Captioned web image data
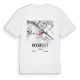 Moorfleet karta t-shirt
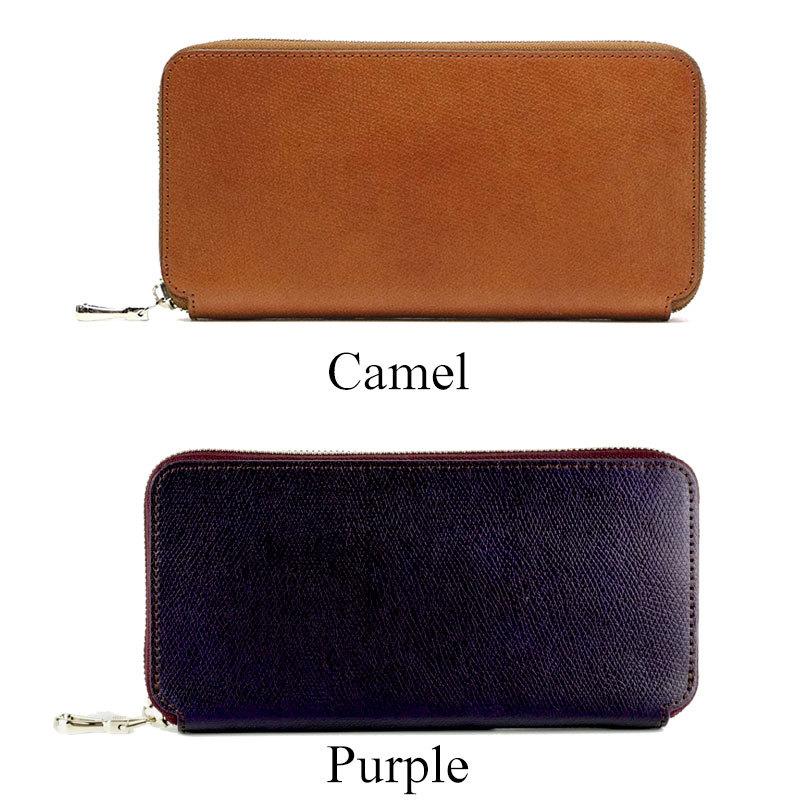 KUBERA 9981 クベラ コードバン ラウンドウォレット 長財布 Basic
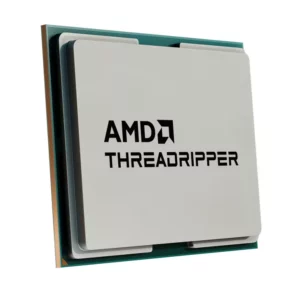 Alternative view of AMD Ryzen" ThreadRipper" 7960X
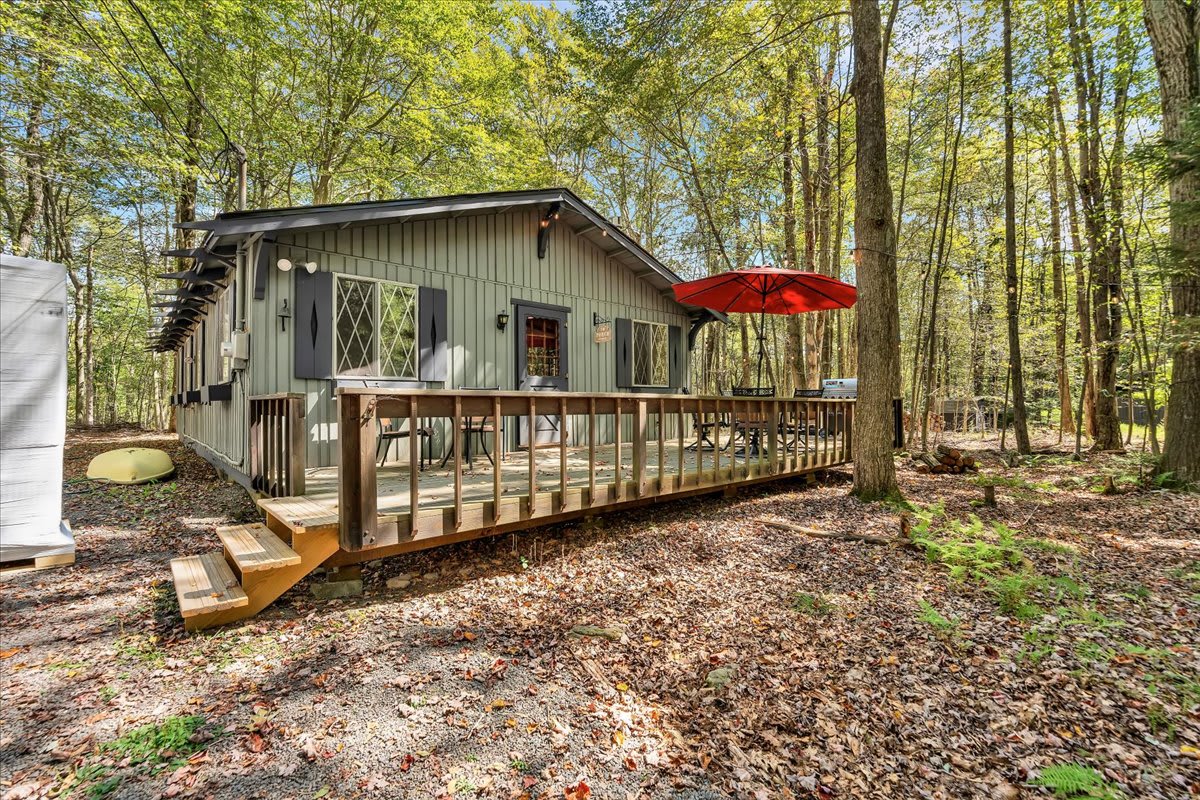 Pocono Cabin Nestled in the Pines | Hot Tub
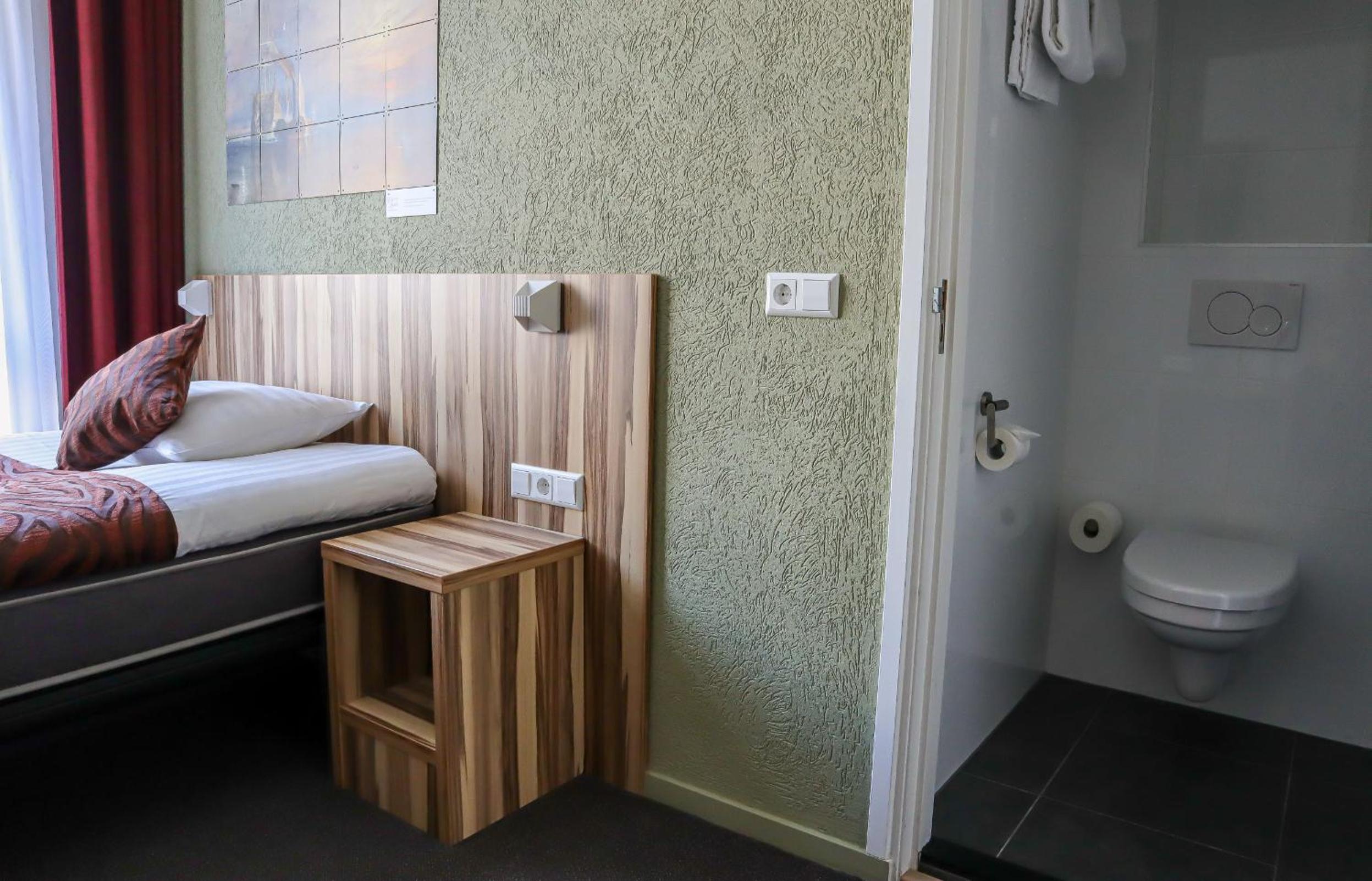 Comfort Single Room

To do >> An exact copy of the lines from the one with "Alternative view of" through the end of the entries above, both included, is the whole answer. It contains no pictures.

Output of the task >>
 Alternative view of AMD Ryzen" ThreadRipper" 7960X
 Pocono Cabin Nestled in the Pines | Hot Tub
 Comfort Single Room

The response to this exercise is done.